Traditional approaches to customizing SMT

Google Translator Toolkit

Google Translate now supports more than 70 languages and has more than 200 million daily users, which makes Google’s statistical machine translation the most widely used automatic translation service. In 2009, Google launched the Translator Toolkit, a free cloud-based translation memory tool that lets users post-edit translations generated by Google Translate. In fact, Google Translate lets users upload their own terminology databases, however, these glossaries can only be used for post-editing, not for customizing the machine translations Google Translate creates.

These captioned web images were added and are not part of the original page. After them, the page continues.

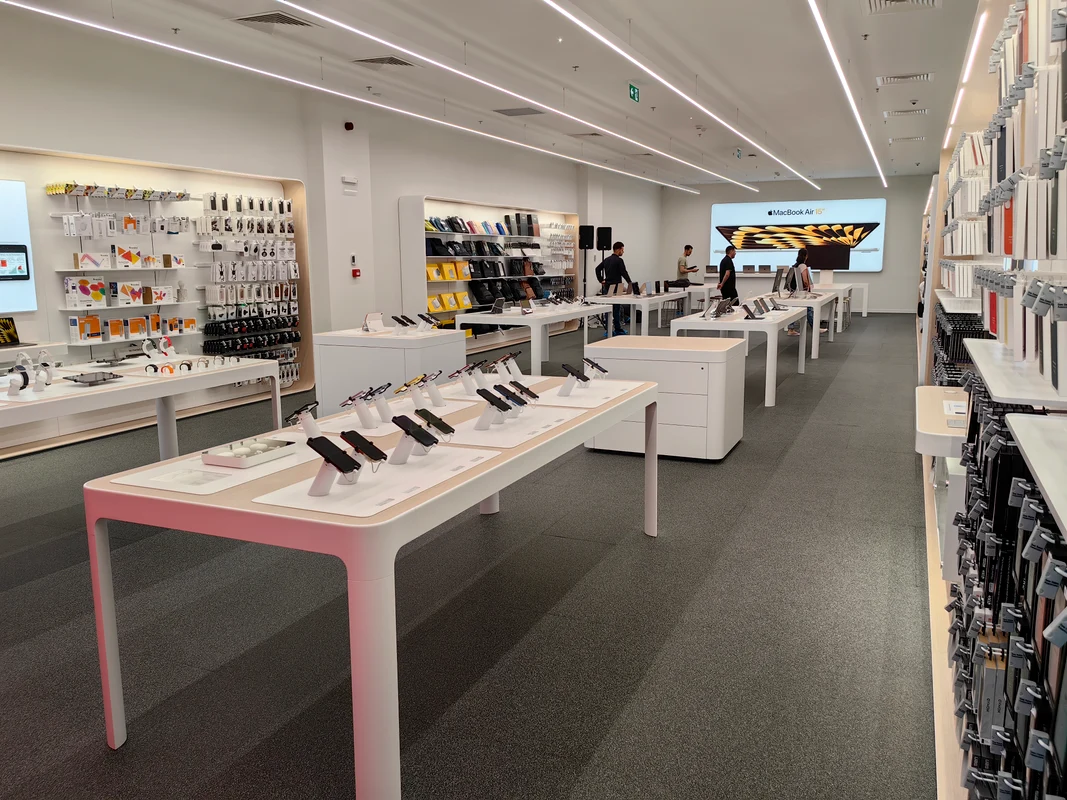 Magazin iSTYLE din Mall Băneasa Shopping City după reamanajare FOTO Adrian Pogîngeanu (1) jpg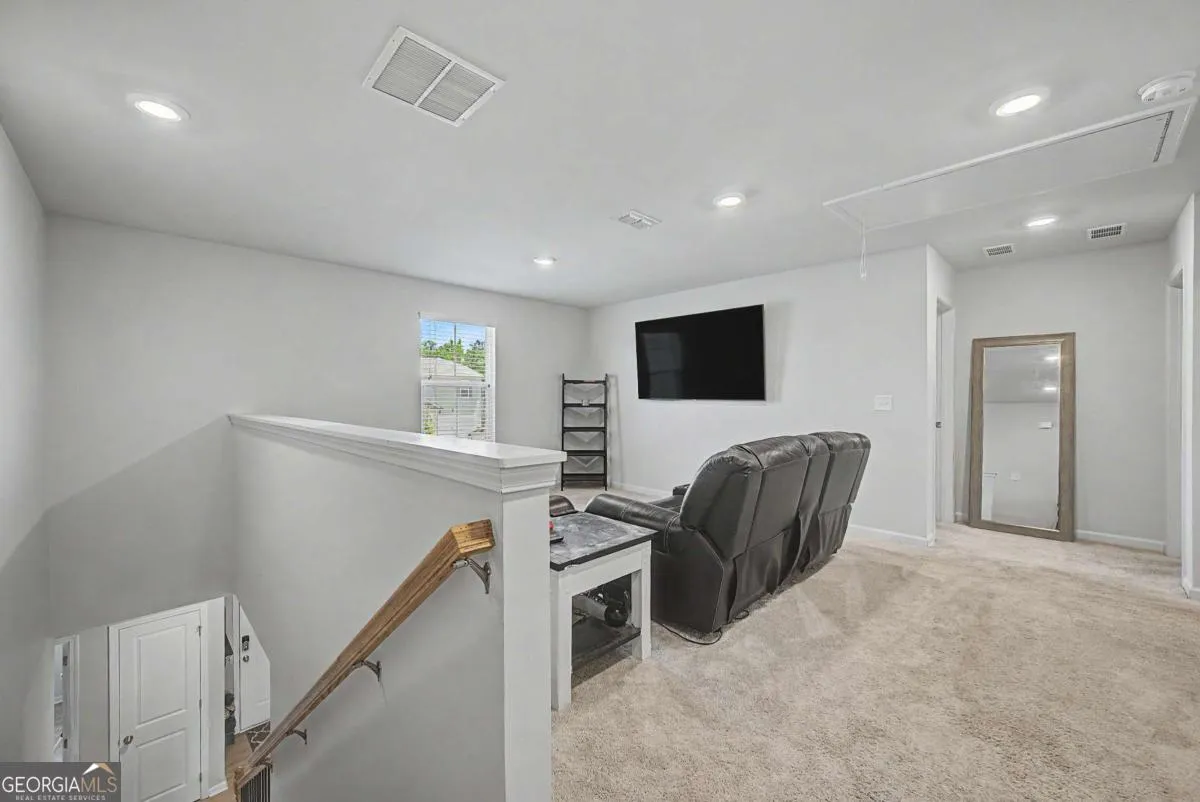 215 Summit Pointe Dr — photo 27 of 53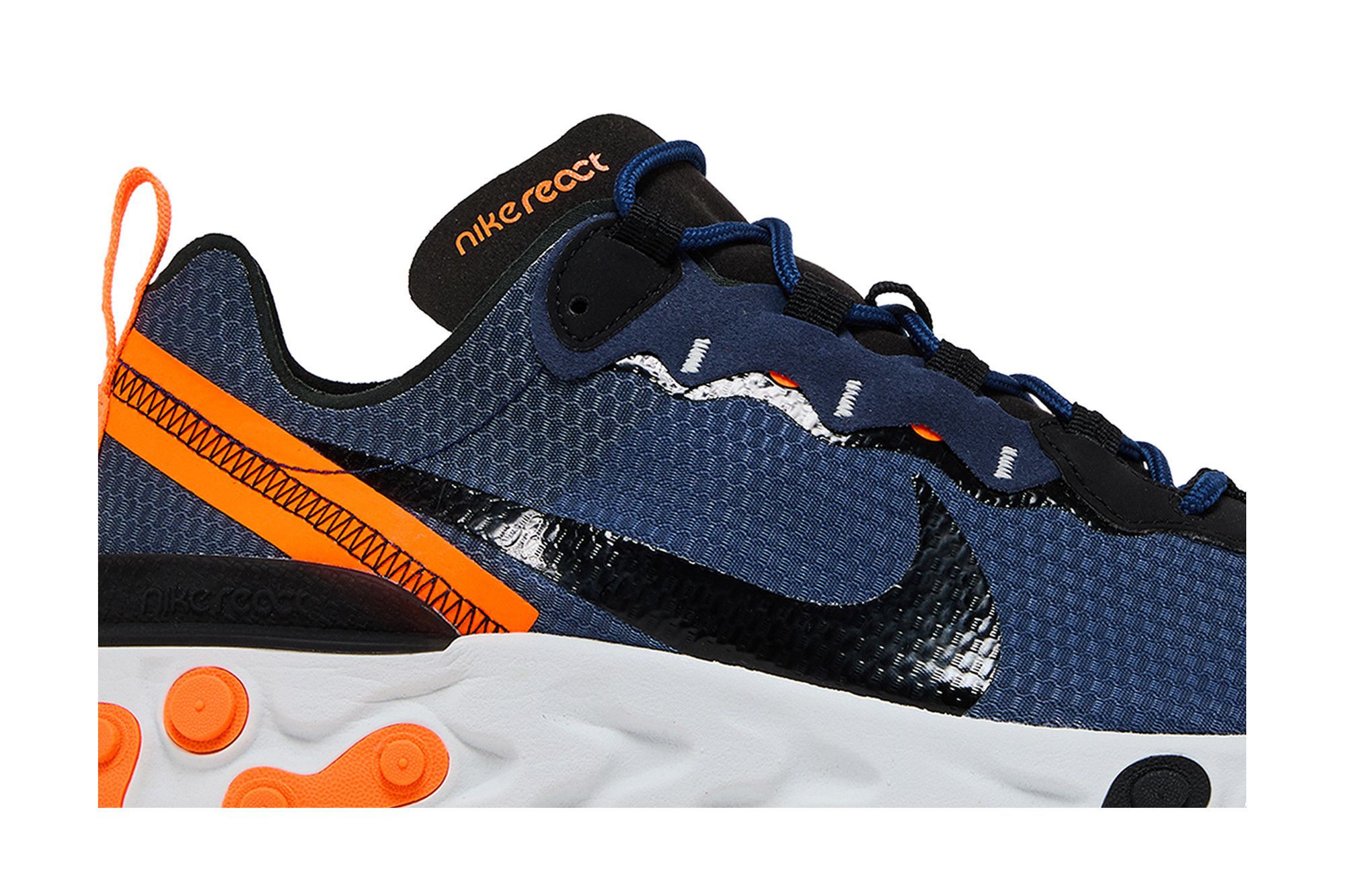 Nike react element 55 trainers in white and blue top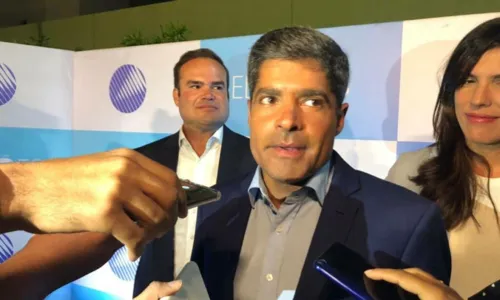 
				
					Candidatos ao governo da Bahia chegam para último debate 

The only way users of Google Translator Toolkit can customize the output Google Translate produces is by re-using their previously post-edited SMT output. Google Translator Toolkit currently does not offer any functionality for customizing Google Translate beyond the ability to select a source and target language.

License SMT software

Up until recently, licensing a commercial statistical machine translation product was the primary solution for corporate users who wanted to take full advantage of SMT. Language Weaver, which was acquired by SDL in 2010, practically owned this market. As the name of the product indicates, the ‘Enterprise Translation Server’ was designed for large commercial and governmental entities who would engage Language Weaver to build custom SMT systems. In other words: The provider of the machine translation system would typically not only sell a translation software product but also customize the SMT system with either client- or domain-specific data.

The major drawback of this type of SMT solution was its high cost: Not only for licensing the software, but also for the high-end server hardware required to run this software, and the professional services involved in the customization process.


Moses started in 2005 as an academic experiment at the University of Edinburgh, and since then has evolved into a massive open source project with many institutional supporters throughout the world. In fact, as of 2012, the European Union funds the Moses Core project, which aims at making Moses’ open source statistical machine translation accessible to an even wider audience. And this is where the challenge lies: While Moses is both free and supports any language combination, this statistical machine translation system is not exactly an easy-to-use application. Truth be told, Moses is not even an application but a collection of software modules designed to be run on a Linux server.

In other words: Moses is a powerful and very flexible SMT system that is supported by a broad and well-funded development community, but it takes a background in computational linguistics to operate Moses. So even though the Moses software is free, it’s the staff and hardware infrastructure that’s necessary to operate this MT system that makes using Moses a prohibitively expensive proposition for most small and medium-sized organizations.

The DIY approach to statistical machine translation

Using a cloud-based web service

When several companies started hosting their own SMT system on Web-enabled servers and made it easy for users to customize those MT engines, that was a major paradigm shift. With a hosted solution, users now no longer have to make a heavy up-front investment in either software, hardware or human resources, but just pay for services as they go. In this type of Software as a Service (SaaS) model, the user does not have to deal with, or even understand, the complexities of statistical machine translation.

All users do in a DIY MT environment is upload their own data for training the SMT engine, upload the source documents for translation, and download the translated target documents. The only software the user interacts with directly is the SMT service provider’s browser-based user interface, which is typically limited to simple project management functions.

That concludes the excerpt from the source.